* _WHAT THE TASK ASKS_:
Among the lines of data below, reproduce only those from the one with "Solid Wood Loft" through the one with "Vista 30 de", exactly as they stand, both ends included.

* _RECORDS SHOWN_:
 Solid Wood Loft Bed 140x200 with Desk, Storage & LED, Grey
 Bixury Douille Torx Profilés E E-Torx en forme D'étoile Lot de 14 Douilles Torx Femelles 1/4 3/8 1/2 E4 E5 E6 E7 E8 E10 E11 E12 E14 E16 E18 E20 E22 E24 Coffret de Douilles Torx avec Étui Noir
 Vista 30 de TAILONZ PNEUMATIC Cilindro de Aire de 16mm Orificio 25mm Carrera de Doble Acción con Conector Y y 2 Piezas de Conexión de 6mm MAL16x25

* * *

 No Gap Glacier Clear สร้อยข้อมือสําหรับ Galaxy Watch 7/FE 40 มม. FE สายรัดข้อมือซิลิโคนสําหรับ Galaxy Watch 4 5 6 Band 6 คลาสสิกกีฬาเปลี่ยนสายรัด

* _SOLUTION BELOW_:
 Solid Wood Loft Bed 140x200 with Desk, Storage & LED, Grey
 Bixury Douille Torx Profilés E E-Torx en forme D'étoile Lot de 14 Douilles Torx Femelles 1/4 3/8 1/2 E4 E5 E6 E7 E8 E10 E11 E12 E14 E16 E18 E20 E22 E24 Coffret de Douilles Torx avec Étui Noir
 Vista 30 de TAILONZ PNEUMATIC Cilindro de Aire de 16mm Orificio 25mm Carrera de Doble Acción con Conector Y y 2 Piezas de Conexión de 6mm MAL16x25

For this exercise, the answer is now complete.